Start of Input material

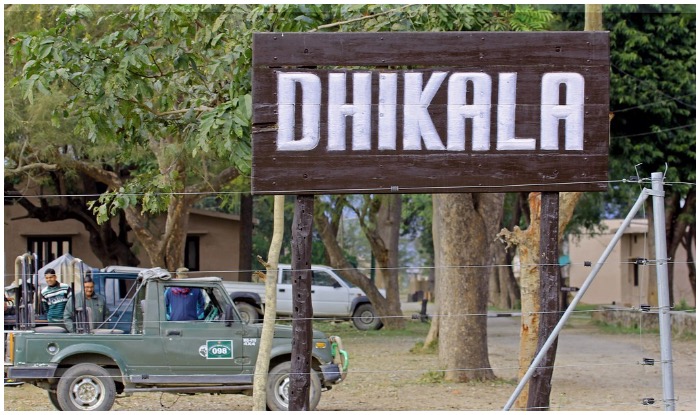 Dhikala Zone Safari
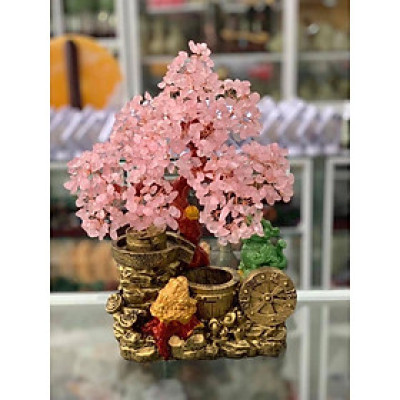 Cây Tài Lộc với tiểu cảnh thiềm thừ cóc ngậm tiền và tỳ hưu phong thủy đá thạch anh hồng - Cao 30 cm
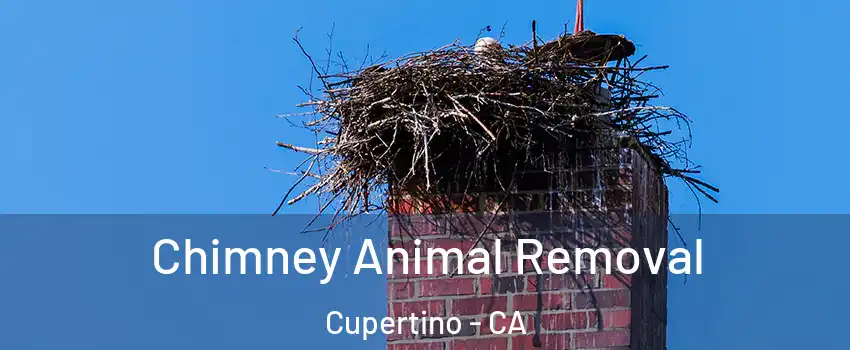 Chimney Animal Removal Cupertino - CA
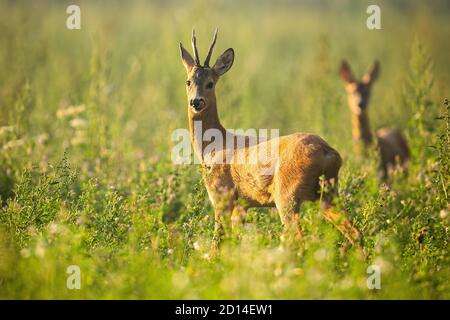 Due caprioli in piedi sul prato nella natura estiva. Foto Stock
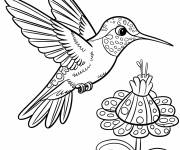 Coloriage Colibri avec ses ailes d&eacute;ploy&eacute;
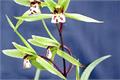 Cultivation and Propagation of Cymbidium how to raise it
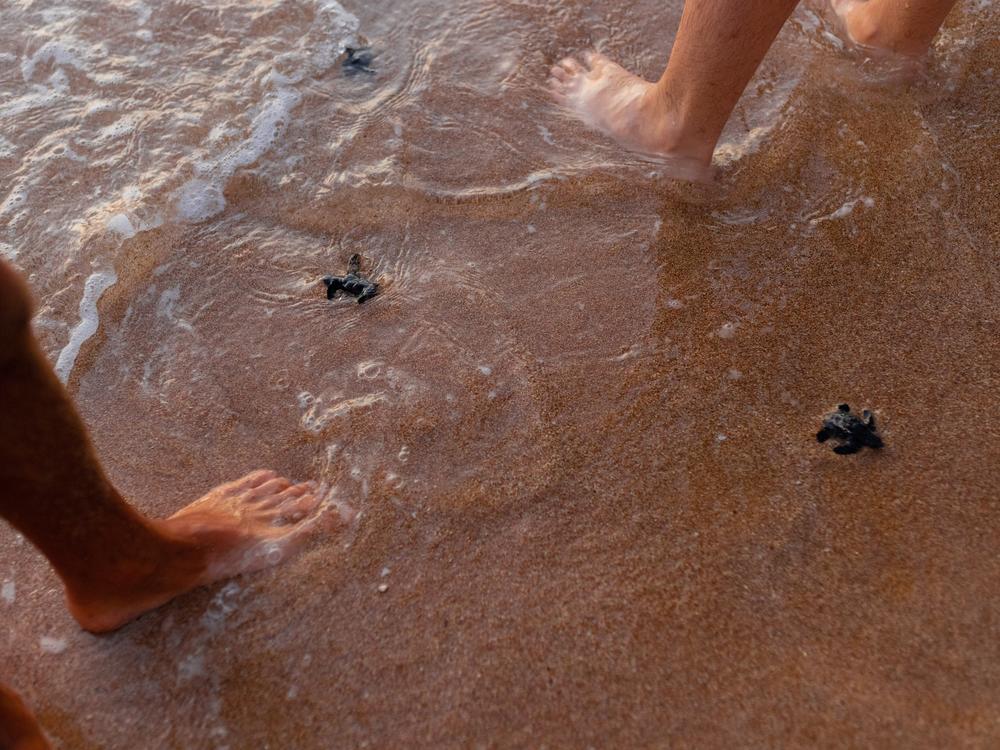 Once the baby sea turtles reach the sea, they are left to fend for themselves against other marine animals — as well as pollution and fishing — with females only coming back to shore after they're grown to lay eggs.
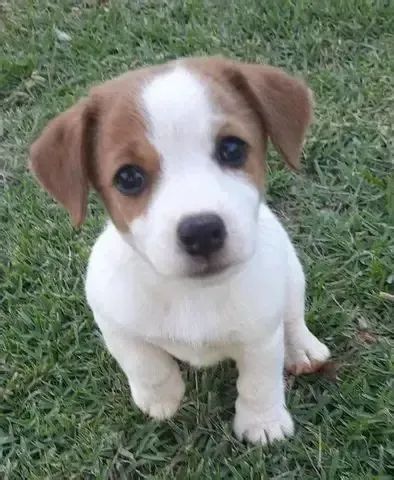 o cachorro do mascara  - Foto 2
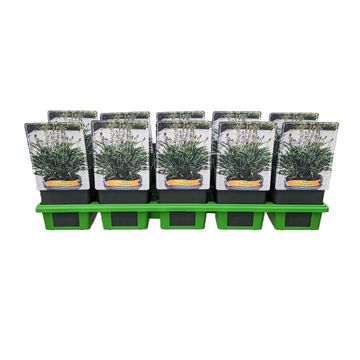 Hosta 'Praying Hands'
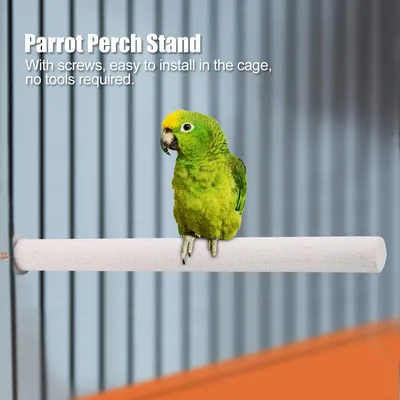 Pssopp Support de Perche pour Oiseau, Perroquet, Support de Perche, Tige de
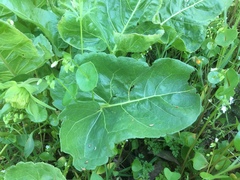 Balsamorhiza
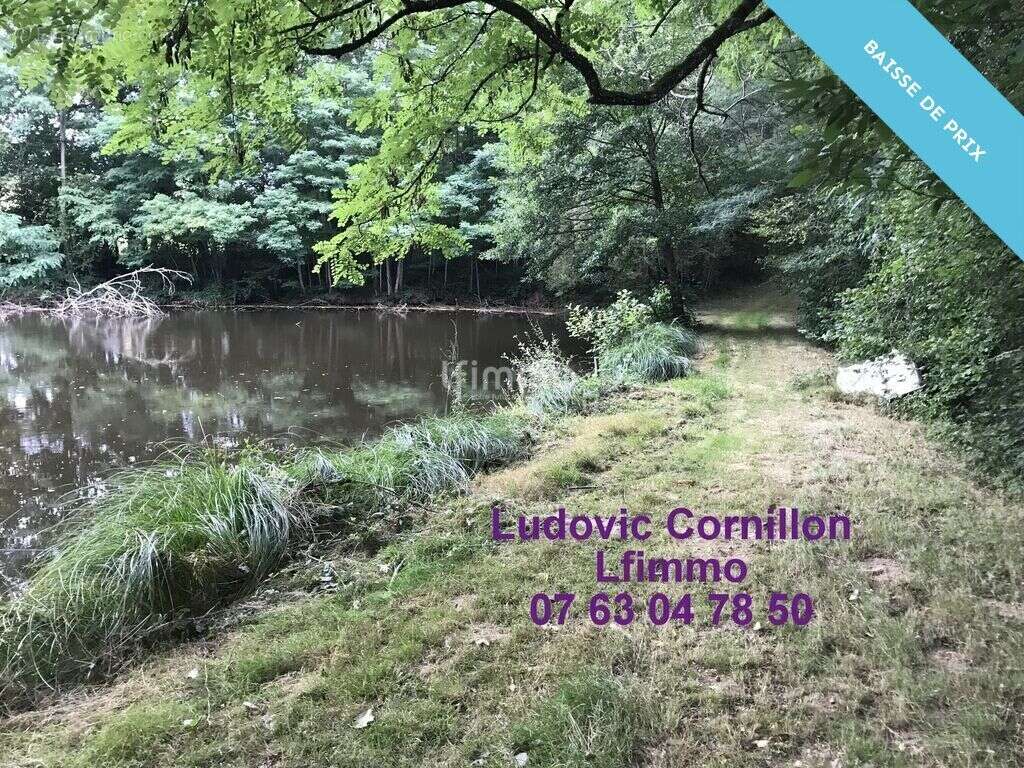 Propriété de charme 210m2, grange, 4ha, 2 étangs - photo 20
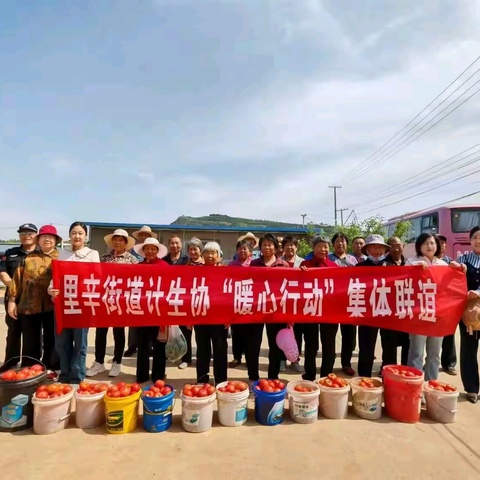 济南市钢城区里辛街道暖心行动—蔬菜采摘，乐在其中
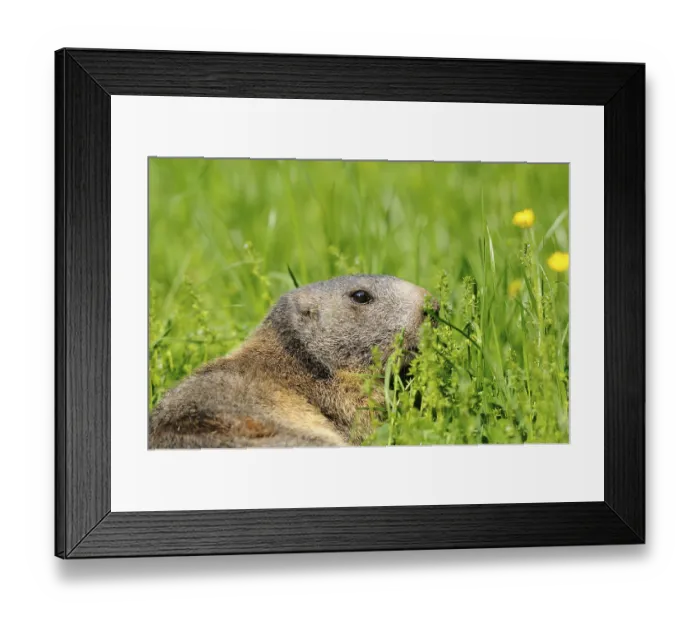 Framed Print : Close-up of an Alpine marmot (Marmota marmota) in a flowering meadow Framed Print : Close-up of an Alpine marmot (Marmota marmota) in a flowering meadow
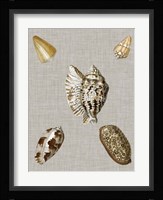 Shells on Linen I Fine Art Print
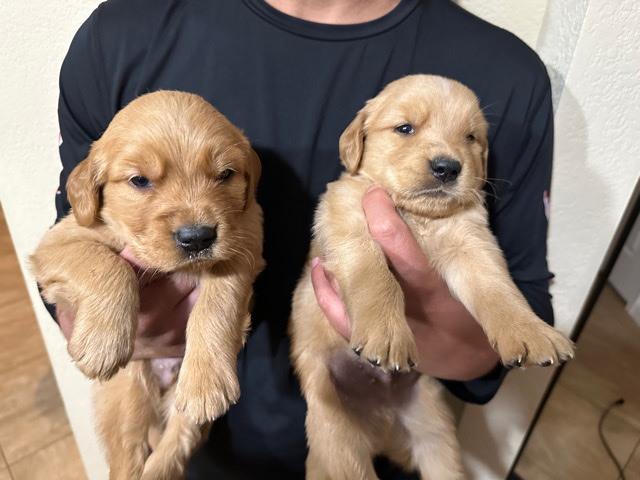 Golden Retriever β Golden Retriever Puppy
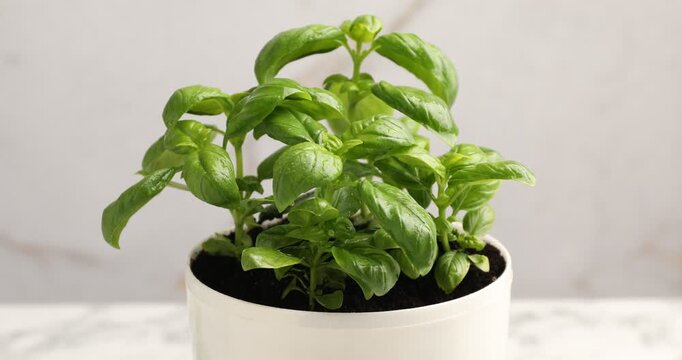 Spraying potted basil with water against blurred background, closeup
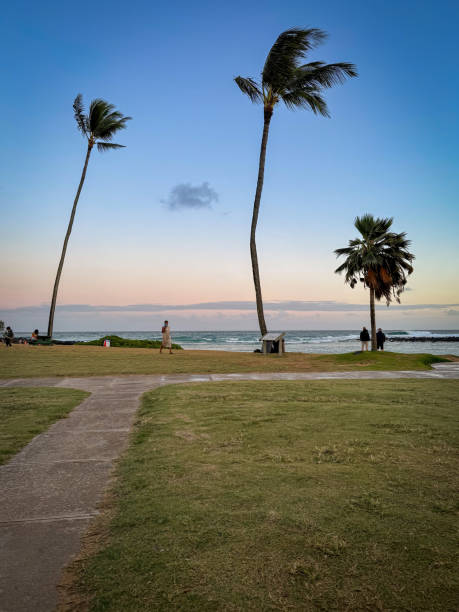 Poipu Beach State Park with palm trees, Kauai, Hawaii, USA at sunset against blue sky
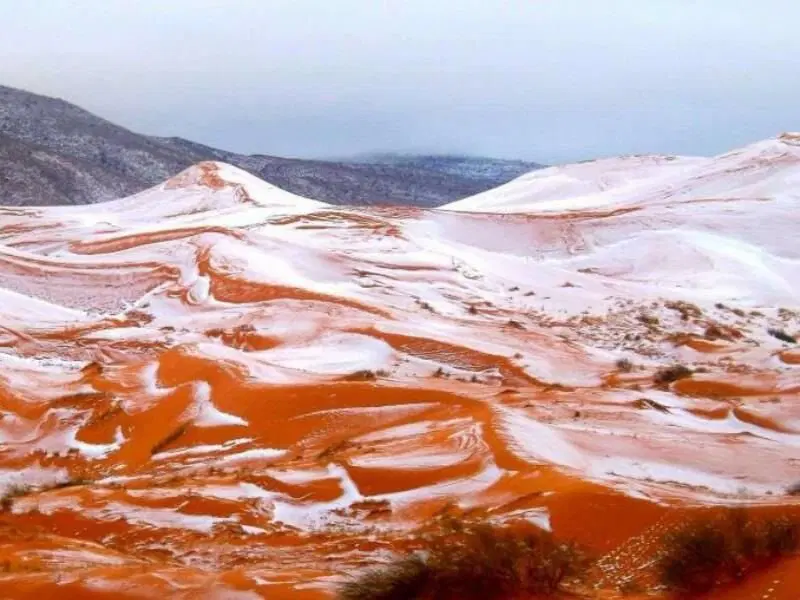 Снег может выпасть даже в Сахаре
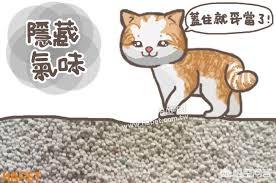 养猫咪一定需要猫砂吗，为什么猫要用猫砂而狗不用猫小便也会用猫砂吗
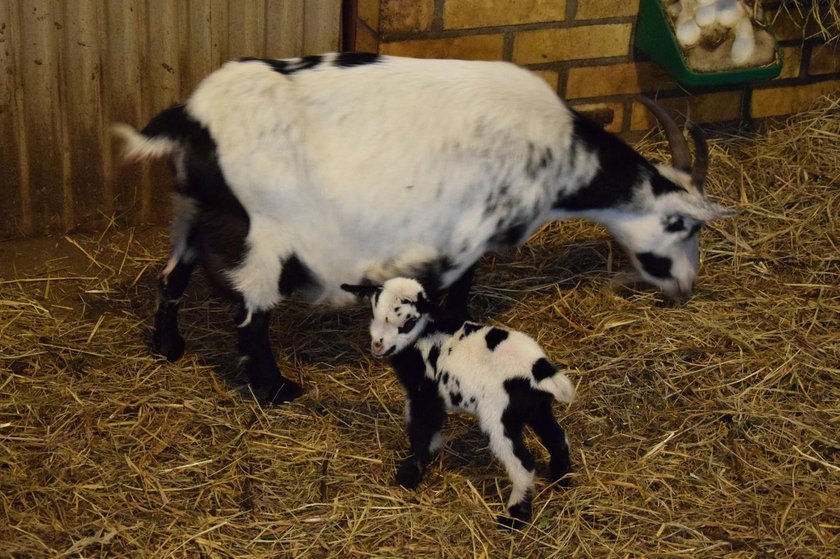 Narodziny kozich bliźniąt w poznańskim Zoo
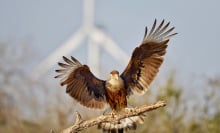 A crested caracara near a wind turbine in South Texas.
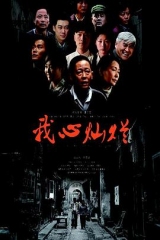 我心灿烂王志文版 我心灿烂王志文版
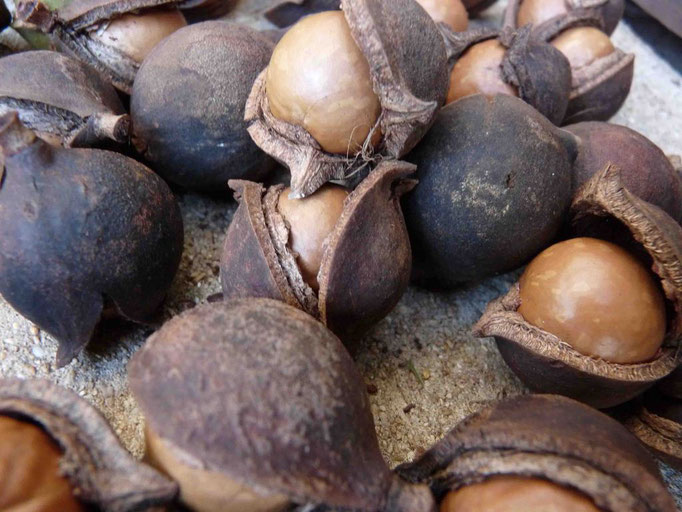 Mac Nuts - Nueces de Macadamia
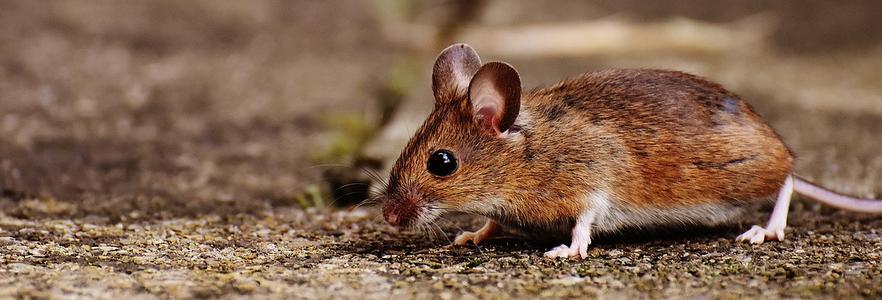 White footed mouse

End of Input material

Retype each line above exactly. Leave the images out.

▶ _Response to this exercise_
 Dhikala Zone Safari
 Cây Tài Lộc với tiểu cảnh thiềm thừ cóc ngậm tiền và tỳ hưu phong thủy đá thạch anh hồng - Cao 30 cm
 Chimney Animal Removal Cupertino - CA
 Due caprioli in piedi sul prato nella natura estiva. Foto Stock
 Coloriage Colibri avec ses ailes d&eacute;ploy&eacute;
 Cultivation and Propagation of Cymbidium how to raise it
 Once the baby sea turtles reach the sea, they are left to fend for themselves against other marine animals — as well as pollution and fishing — with females only coming back to shore after they're grown to lay eggs.
 o cachorro do mascara  - Foto 2
 Hosta 'Praying Hands'
 Pssopp Support de Perche pour Oiseau, Perroquet, Support de Perche, Tige de
 Balsamorhiza
 Propriété de charme 210m2, grange, 4ha, 2 étangs - photo 20
 济南市钢城区里辛街道暖心行动—蔬菜采摘，乐在其中
 Framed Print : Close-up of an Alpine marmot (Marmota marmota) in a flowering meadow Framed Print : Close-up of an Alpine marmot (Marmota marmota) in a flowering meadow
 Shells on Linen I Fine Art Print
 Golden Retriever β Golden Retriever Puppy
 Spraying potted basil with water against blurred background, closeup
 Poipu Beach State Park with palm trees, Kauai, Hawaii, USA at sunset against blue sky
 Снег может выпасть даже в Сахаре
 养猫咪一定需要猫砂吗，为什么猫要用猫砂而狗不用猫小便也会用猫砂吗
 Narodziny kozich bliźniąt w poznańskim Zoo
 A crested caracara near a wind turbine in South Texas.
 我心灿烂王志文版 我心灿烂王志文版
 Mac Nuts - Nueces de Macadamia
 White footed mouse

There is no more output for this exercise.